PROBLEM TO SOLVE: The records sit below. Return every line in them that holds the word "Дава".

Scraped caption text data
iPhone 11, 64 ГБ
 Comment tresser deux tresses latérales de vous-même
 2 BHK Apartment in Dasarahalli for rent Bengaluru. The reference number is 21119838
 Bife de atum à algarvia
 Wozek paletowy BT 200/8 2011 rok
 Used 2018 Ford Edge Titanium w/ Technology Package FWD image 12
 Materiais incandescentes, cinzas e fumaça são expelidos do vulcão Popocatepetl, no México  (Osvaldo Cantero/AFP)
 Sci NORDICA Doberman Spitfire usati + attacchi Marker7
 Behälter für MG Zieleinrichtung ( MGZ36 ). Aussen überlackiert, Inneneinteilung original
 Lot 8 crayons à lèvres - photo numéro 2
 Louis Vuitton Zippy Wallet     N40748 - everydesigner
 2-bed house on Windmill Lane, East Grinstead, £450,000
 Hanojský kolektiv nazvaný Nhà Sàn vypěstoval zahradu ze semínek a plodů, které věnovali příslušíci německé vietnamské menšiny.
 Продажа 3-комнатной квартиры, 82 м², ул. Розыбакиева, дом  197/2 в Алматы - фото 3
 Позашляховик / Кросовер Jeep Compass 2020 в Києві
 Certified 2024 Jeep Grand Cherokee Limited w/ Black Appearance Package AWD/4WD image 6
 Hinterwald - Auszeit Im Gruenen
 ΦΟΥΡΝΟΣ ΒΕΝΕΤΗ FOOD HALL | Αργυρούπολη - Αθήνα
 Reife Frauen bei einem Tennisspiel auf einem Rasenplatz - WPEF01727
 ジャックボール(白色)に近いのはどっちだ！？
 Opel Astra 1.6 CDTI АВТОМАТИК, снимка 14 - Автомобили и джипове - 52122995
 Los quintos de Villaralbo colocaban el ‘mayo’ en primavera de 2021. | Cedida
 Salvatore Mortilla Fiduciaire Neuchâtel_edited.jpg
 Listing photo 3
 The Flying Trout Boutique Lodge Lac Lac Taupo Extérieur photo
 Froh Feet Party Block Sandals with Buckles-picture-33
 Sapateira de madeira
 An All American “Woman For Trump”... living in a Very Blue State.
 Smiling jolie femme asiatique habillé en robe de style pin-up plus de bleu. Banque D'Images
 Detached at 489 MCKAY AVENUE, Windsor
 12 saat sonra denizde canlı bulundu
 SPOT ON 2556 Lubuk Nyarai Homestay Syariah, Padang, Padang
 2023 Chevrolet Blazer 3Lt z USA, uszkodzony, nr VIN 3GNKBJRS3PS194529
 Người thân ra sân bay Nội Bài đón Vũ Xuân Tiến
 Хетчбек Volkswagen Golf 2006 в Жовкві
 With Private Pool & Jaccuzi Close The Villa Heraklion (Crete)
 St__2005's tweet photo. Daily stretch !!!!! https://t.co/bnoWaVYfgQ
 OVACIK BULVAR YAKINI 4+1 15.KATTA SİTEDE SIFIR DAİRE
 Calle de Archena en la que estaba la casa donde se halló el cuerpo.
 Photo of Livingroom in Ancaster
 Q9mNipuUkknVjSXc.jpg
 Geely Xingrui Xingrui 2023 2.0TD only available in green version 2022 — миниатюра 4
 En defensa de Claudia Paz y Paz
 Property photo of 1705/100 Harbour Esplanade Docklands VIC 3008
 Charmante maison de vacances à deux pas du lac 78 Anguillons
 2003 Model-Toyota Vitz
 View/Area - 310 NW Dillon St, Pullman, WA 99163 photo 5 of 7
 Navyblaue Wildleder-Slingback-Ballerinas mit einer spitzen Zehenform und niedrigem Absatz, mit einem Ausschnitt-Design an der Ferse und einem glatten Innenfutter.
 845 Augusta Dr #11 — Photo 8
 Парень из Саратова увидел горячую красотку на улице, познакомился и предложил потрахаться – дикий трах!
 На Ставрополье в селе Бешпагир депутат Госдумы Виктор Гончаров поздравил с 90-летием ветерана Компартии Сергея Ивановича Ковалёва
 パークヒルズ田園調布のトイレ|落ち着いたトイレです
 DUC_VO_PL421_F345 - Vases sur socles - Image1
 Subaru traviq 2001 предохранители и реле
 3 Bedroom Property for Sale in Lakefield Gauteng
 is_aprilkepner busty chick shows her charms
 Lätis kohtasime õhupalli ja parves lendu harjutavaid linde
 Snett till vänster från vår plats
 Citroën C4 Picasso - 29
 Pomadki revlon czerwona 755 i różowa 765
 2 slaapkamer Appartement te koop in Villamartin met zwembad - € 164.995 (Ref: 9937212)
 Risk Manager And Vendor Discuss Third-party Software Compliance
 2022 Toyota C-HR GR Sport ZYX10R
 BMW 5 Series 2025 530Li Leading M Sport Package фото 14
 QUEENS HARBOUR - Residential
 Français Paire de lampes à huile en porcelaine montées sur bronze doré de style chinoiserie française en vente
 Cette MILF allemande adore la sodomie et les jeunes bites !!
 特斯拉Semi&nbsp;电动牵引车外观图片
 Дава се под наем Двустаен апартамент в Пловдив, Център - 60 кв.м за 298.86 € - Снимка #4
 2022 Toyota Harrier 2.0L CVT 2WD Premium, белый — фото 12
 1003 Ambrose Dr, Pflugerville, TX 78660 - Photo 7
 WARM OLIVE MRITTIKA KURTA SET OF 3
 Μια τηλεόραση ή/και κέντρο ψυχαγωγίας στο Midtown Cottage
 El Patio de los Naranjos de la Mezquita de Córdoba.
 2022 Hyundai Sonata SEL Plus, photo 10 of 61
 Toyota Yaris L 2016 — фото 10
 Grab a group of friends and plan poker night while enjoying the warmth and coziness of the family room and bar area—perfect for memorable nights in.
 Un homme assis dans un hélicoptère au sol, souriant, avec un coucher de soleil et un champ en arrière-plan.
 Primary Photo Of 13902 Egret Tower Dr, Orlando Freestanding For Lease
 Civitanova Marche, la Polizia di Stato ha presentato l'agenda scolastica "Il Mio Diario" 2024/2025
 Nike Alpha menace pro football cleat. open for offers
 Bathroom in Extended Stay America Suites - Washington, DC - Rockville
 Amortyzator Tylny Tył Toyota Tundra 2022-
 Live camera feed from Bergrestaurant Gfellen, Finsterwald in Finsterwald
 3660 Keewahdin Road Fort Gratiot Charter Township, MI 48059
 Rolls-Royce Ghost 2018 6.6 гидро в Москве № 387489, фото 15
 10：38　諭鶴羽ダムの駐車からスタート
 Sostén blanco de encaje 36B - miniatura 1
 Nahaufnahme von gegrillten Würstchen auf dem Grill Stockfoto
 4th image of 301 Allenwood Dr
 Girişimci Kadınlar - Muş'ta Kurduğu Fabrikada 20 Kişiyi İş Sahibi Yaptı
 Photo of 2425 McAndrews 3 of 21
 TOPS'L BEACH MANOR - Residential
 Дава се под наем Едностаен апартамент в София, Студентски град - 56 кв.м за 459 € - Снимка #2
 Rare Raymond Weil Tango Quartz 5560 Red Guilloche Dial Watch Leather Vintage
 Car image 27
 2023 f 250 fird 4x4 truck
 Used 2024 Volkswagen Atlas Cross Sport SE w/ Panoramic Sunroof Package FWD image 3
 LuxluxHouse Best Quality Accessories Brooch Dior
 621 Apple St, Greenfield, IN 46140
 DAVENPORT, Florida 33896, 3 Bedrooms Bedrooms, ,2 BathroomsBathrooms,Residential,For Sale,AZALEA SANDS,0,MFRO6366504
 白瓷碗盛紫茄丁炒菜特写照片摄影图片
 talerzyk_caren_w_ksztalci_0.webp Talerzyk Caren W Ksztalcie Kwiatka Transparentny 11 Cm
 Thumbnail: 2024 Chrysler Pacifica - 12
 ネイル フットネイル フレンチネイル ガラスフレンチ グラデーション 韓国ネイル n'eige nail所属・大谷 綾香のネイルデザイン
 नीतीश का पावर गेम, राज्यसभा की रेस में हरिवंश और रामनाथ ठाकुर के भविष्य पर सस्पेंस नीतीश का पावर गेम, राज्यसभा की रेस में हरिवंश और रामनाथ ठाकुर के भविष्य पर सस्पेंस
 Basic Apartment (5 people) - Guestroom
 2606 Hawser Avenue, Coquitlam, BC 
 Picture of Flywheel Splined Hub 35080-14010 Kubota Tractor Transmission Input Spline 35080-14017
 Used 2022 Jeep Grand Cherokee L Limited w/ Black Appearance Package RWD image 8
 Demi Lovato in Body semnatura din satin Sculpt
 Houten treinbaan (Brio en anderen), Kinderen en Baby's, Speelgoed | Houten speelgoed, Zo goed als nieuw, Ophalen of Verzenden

EXERCISE RESPONSE:
 Дава се под наем Двустаен апартамент в Пловдив, Център - 60 кв.м за 298.86 € - Снимка #4
 Дава се под наем Едностаен апартамент в София, Студентски град - 56 кв.м за 459 € - Снимка #2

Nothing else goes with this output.